Despite the money, mini golf just isn't a made-for-TV sport. For one thing, there's the gallery. About a dozen shirtless fat guys holding giant novelty cups of beer actually followed the players from hole to hole. It's like the cheap-seat ticketholders at Lambeau or Soldier Field spend their off season following the professional miniature golf tour.

Then there are the commentators. Believe it or not, miniature golf requires both a play-by-play and a color man. I think this is mostly to drown out the incoherent obscenities of the gallery rather than imparting actual information. Seriously, what do you need to hear in order to follow a miniature golf tournament? Distance to the hole? Well, you can see it. Club selection? Rare was the hole that these guys needed to pull out the driver. Hell, there are signs at every tee telling you which number hole this is. Strategy? Well, you could either hit it straight at the hole or, if it was around the corner, try a bank shot. It's not like Jack Nicklaus designed the course.

My main problem with miniature golf on TV is that I don't consider it a real sport if I can do what the supposed athletes are doing. I can't even lay down a proper bunt, let alone jack a curveball into the bleachers. I can't evade an oncoming blitz and fire a frozen rope to Jerry Rice fifty yards down the field. I can't float a nine-iron 165 yards to within 18 inches of the pin.
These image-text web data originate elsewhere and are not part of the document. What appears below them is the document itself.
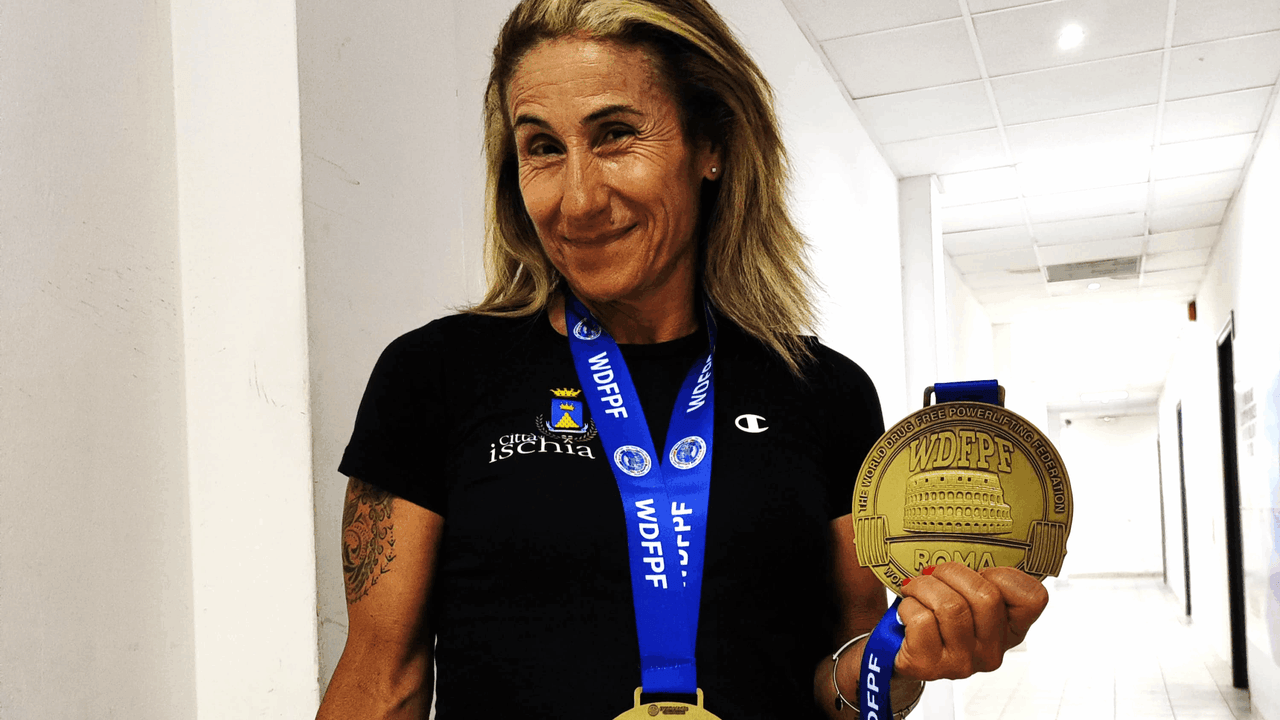 Antonella Gentile triumphs at the 2025 Powerlifting World Championships: Gold in the flat bench press in Rome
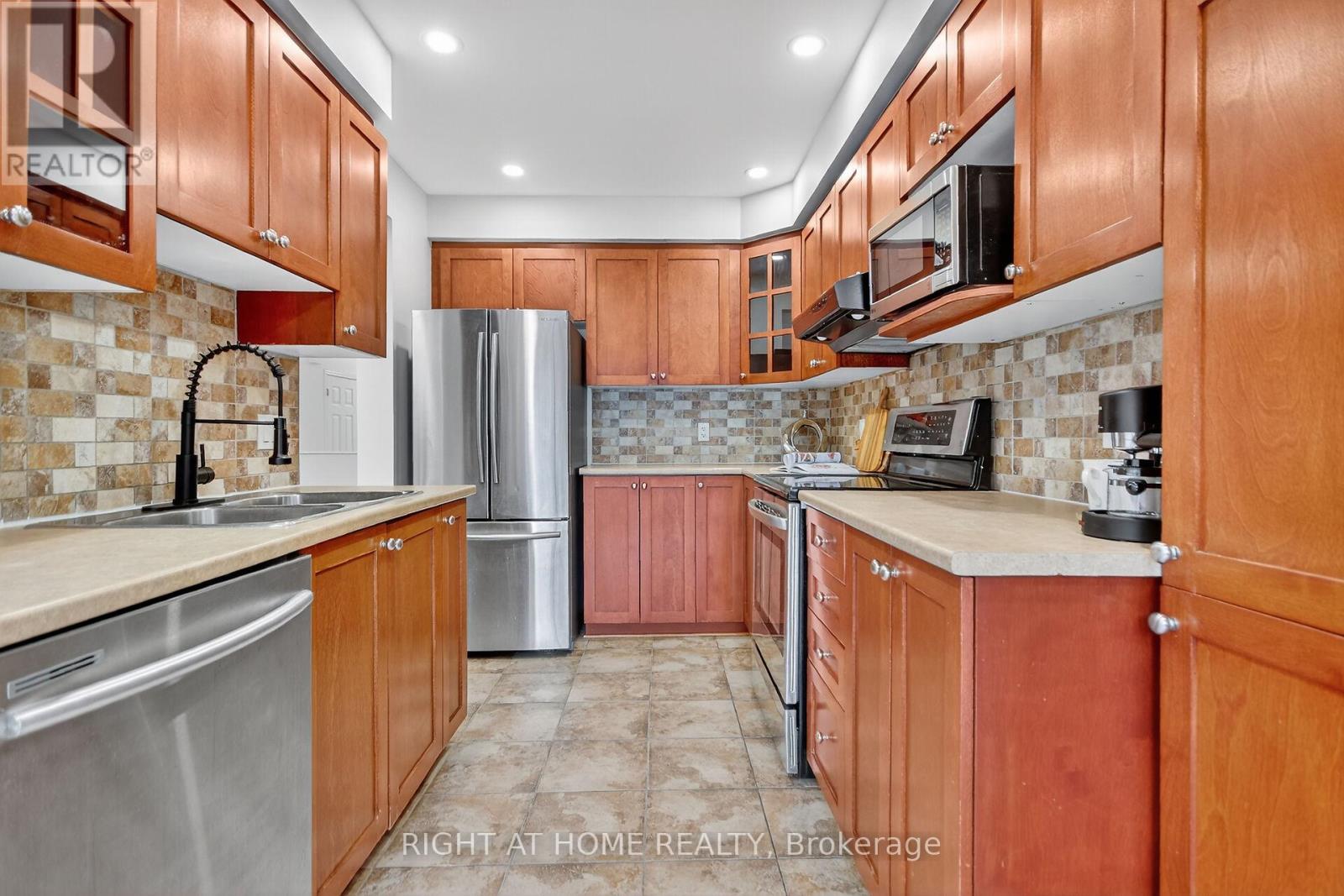 302 Goldridge Drive, Ottawa, Ontario  K2T 1L1 - Photo 6 - X12558828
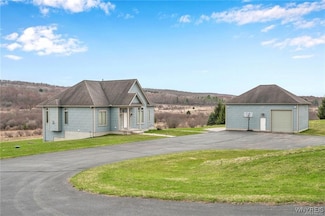 8770 Old State Rd, Angelica, NY 14709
What I can do is make hole-in-ones on a miniature golf course. Not as many as the professionals did, but then again, they had no windmill, no water and none of those four-foot tall volcano holes. They also didn't have to deal with tube tops and the overpowering aroma of hair spray. Then again, there are usually only two or three fat shirtless guys following me around the course.

Daytime TV is certainly not the wonderland of Scooby-Doo and breakfast cereal commercials that it once was. Where you once had to choose between 3-2-1 Contact and Star Blazers, now your choices involve sub-sports like putt-putt and the sub-humans on Springer. Of course, we could combine the two: "I Married My Sister on a Miniature Golf Course!" just might work.